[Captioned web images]
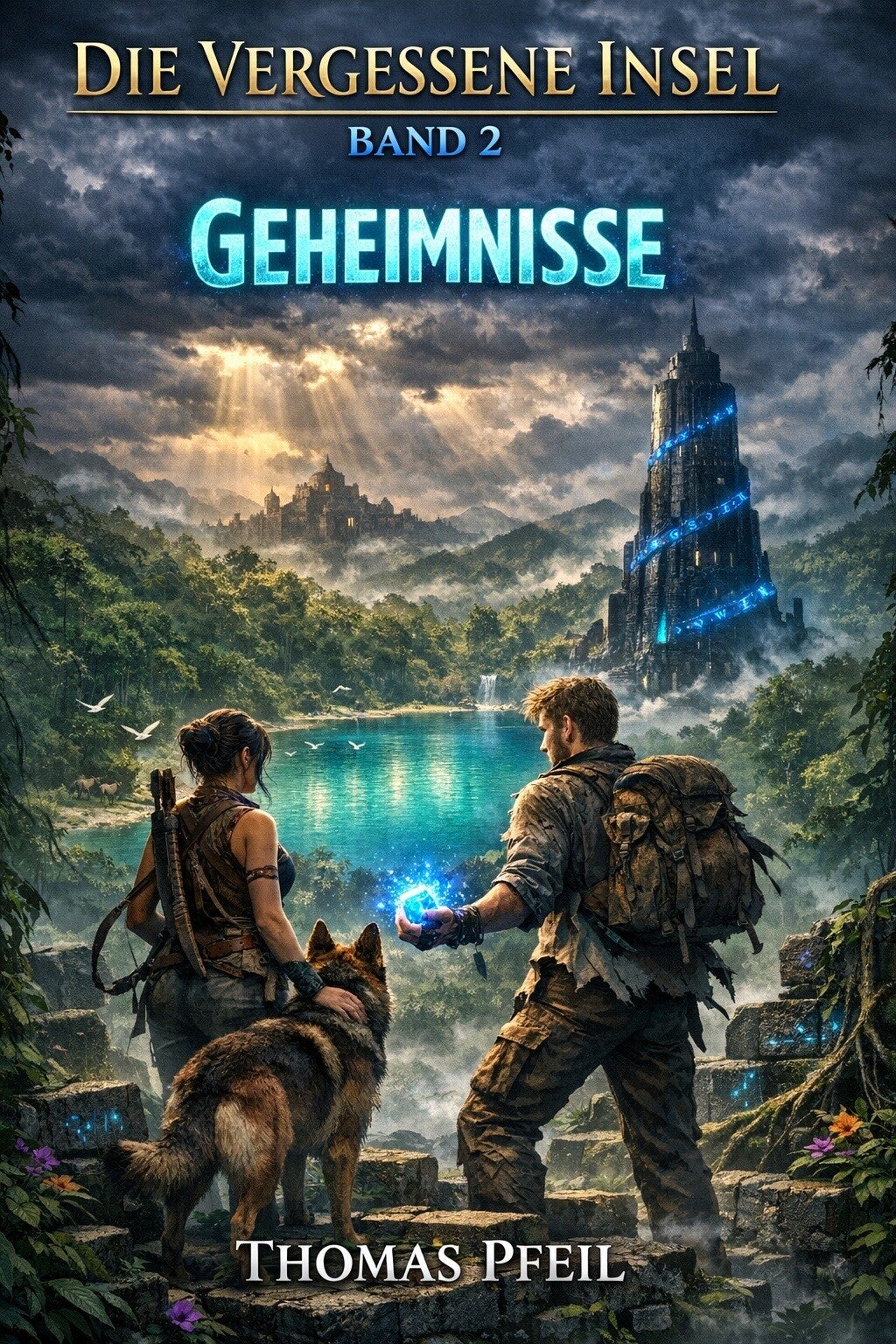 Buchcover „Die vergessene Insel“ von Thomas Pfeil – Survival Roman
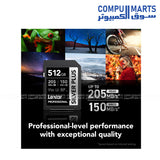 Pro Silver SDXC 64GB – Memory Card – Lexar – 205MB/s Read – 150MB/s Write – UHS-I – U3 – V30 – Full HD / 4K

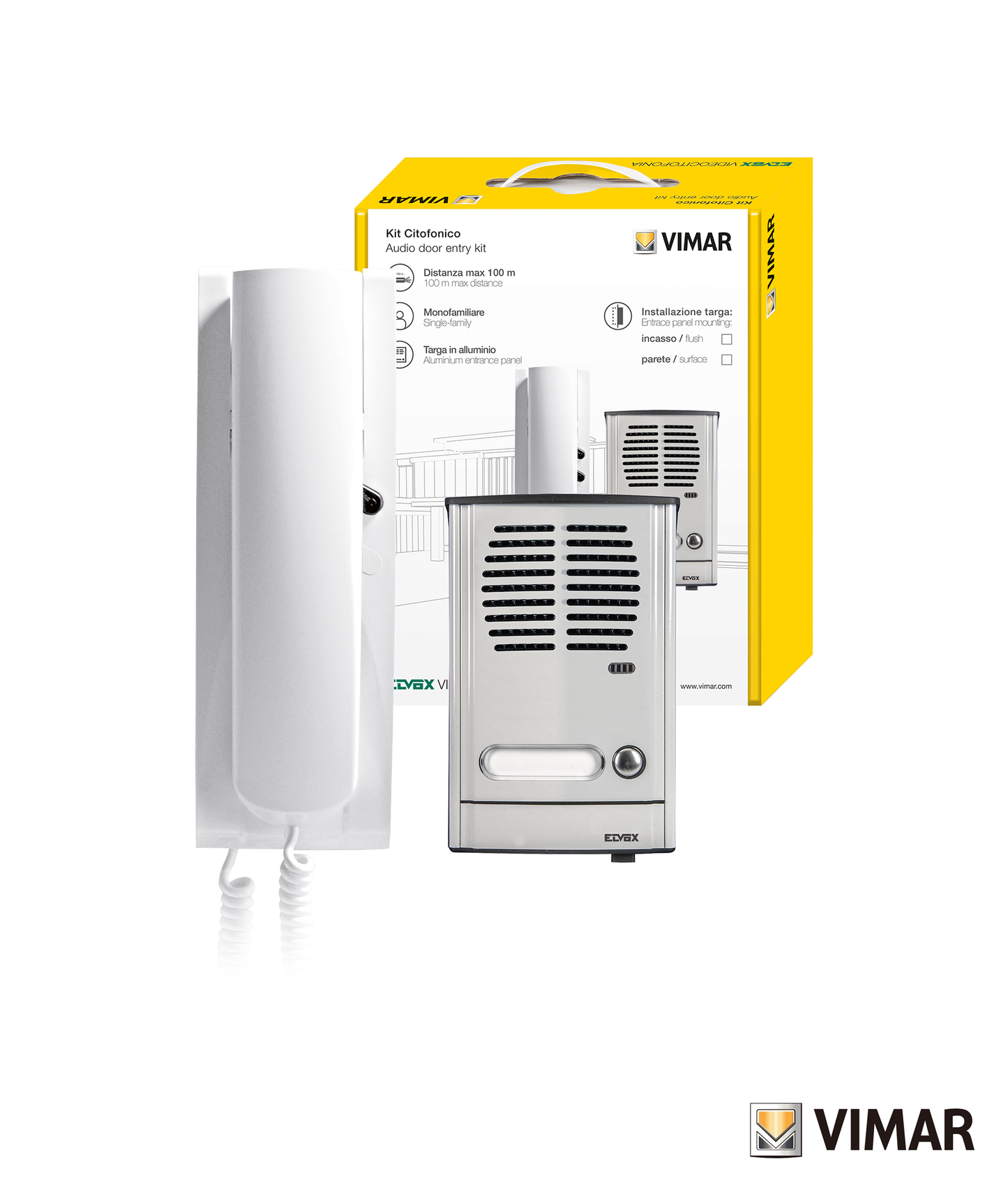 Kit Intercomunicador Unifamiliar Saliente Elvox 884G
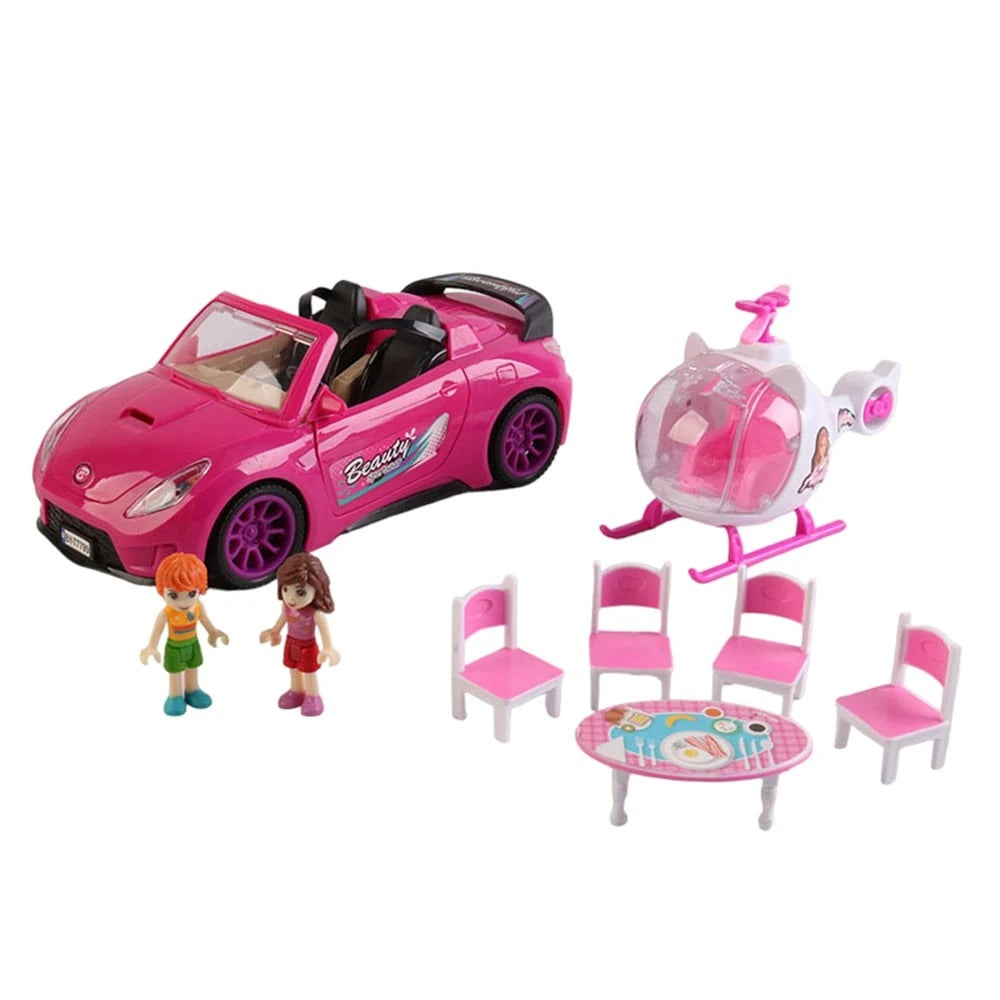 Fashion Sport Car Helicopter Play Set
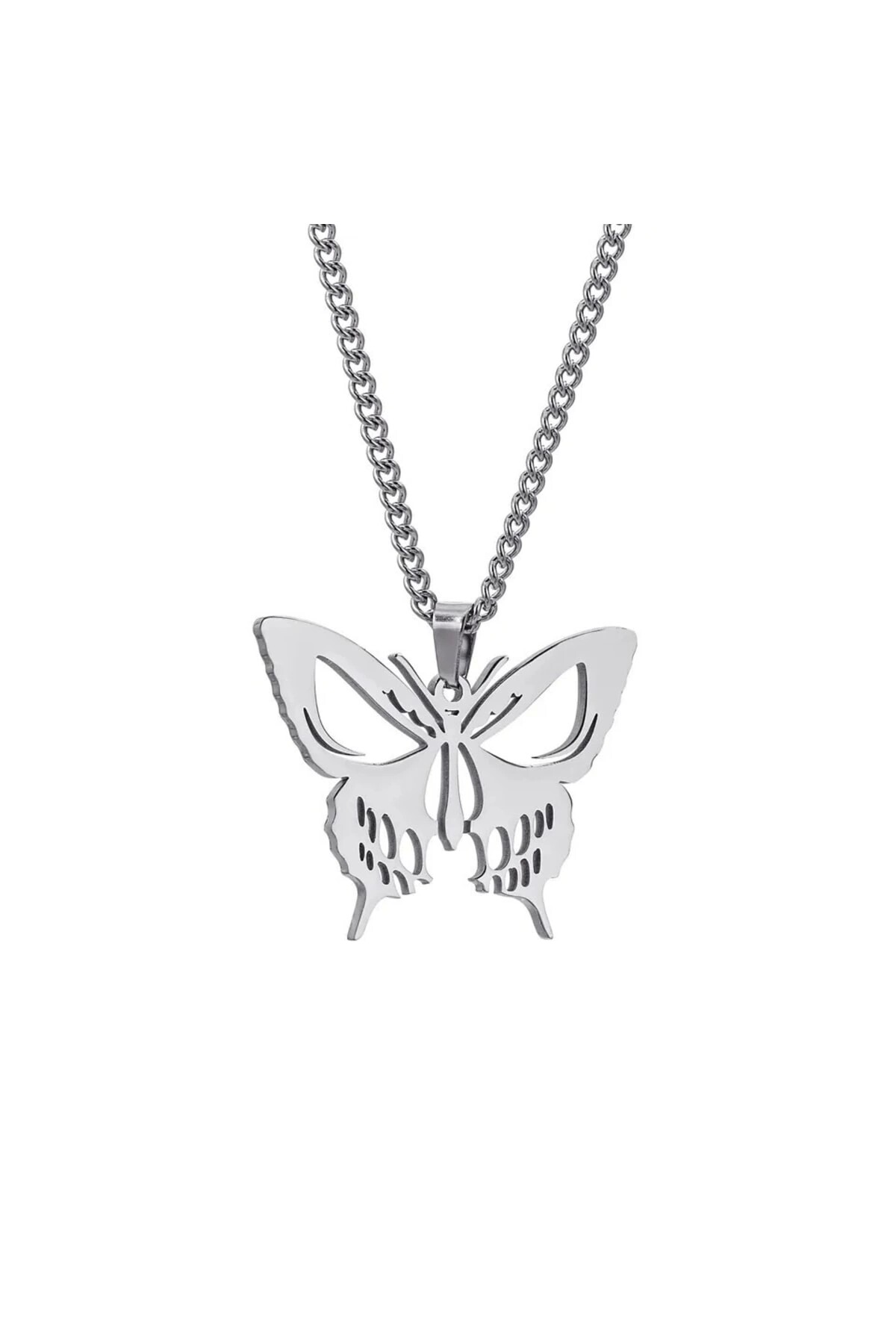 Gotik Punk Metal Kuru Kafa Kelebek Kolye - DarkellaStore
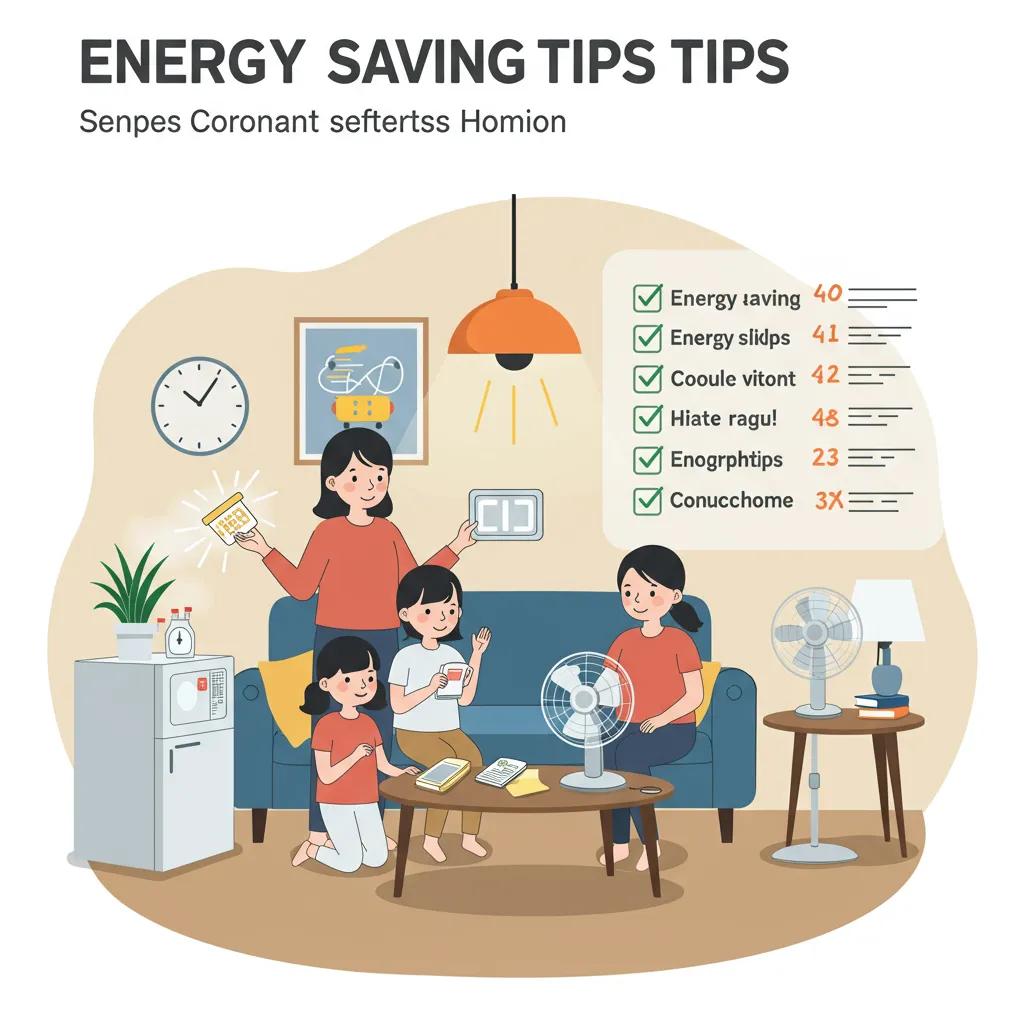 Family implementing energy-saving tips at home with LED lighting and efficient appliances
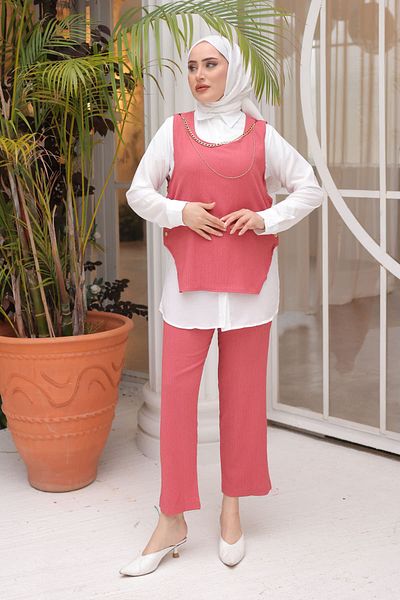 İmajButik Κολιέ με κουμπιά σε σκόνη τριπλό περιτύλιγμα
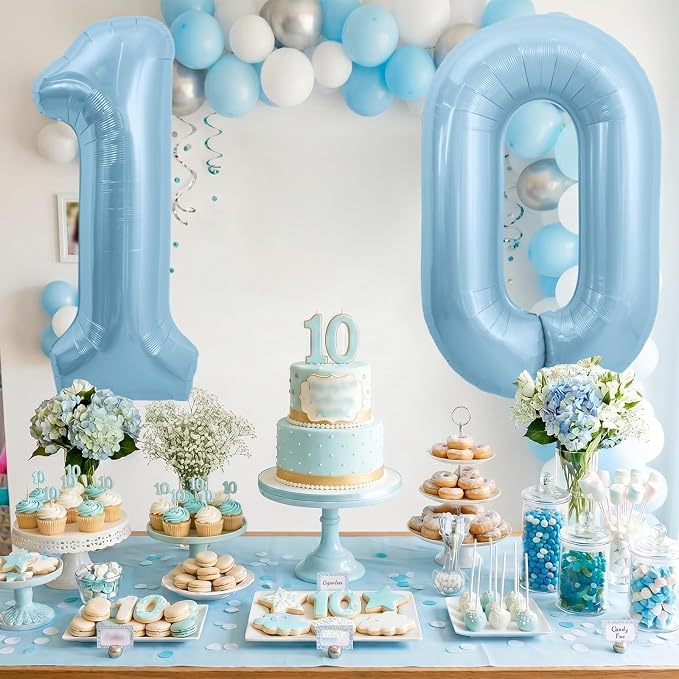 TONIFUL 40 Inch Pastel Blue Number 10 Foil Balloons Large Mylar Foil Digital 10 - Image 4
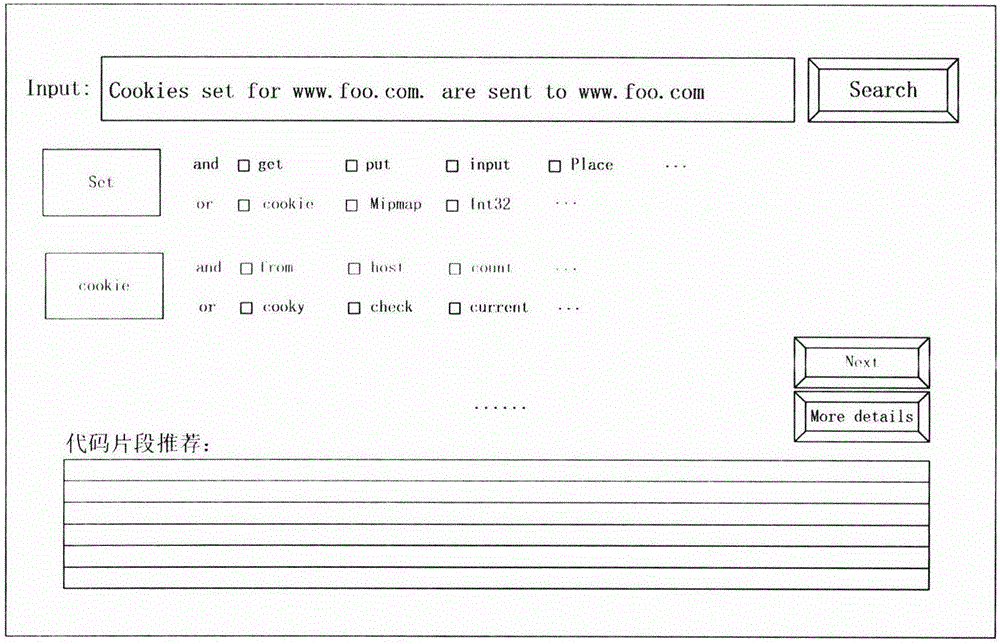 Software code search oriented query statement regenerating method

WHAT IS REQUIRED: Make an exact copy of every entry above, minus the images.

FINISHED TASK:
 Buchcover „Die vergessene Insel“ von Thomas Pfeil – Survival Roman
 Pro Silver SDXC 64GB – Memory Card – Lexar – 205MB/s Read – 150MB/s Write – UHS-I – U3 – V30 – Full HD / 4K

 Kit Intercomunicador Unifamiliar Saliente Elvox 884G
 Fashion Sport Car Helicopter Play Set
 Gotik Punk Metal Kuru Kafa Kelebek Kolye - DarkellaStore
 Family implementing energy-saving tips at home with LED lighting and efficient appliances
 İmajButik Κολιέ με κουμπιά σε σκόνη τριπλό περιτύλιγμα
 TONIFUL 40 Inch Pastel Blue Number 10 Foil Balloons Large Mylar Foil Digital 10 - Image 4
 Software code search oriented query statement regenerating method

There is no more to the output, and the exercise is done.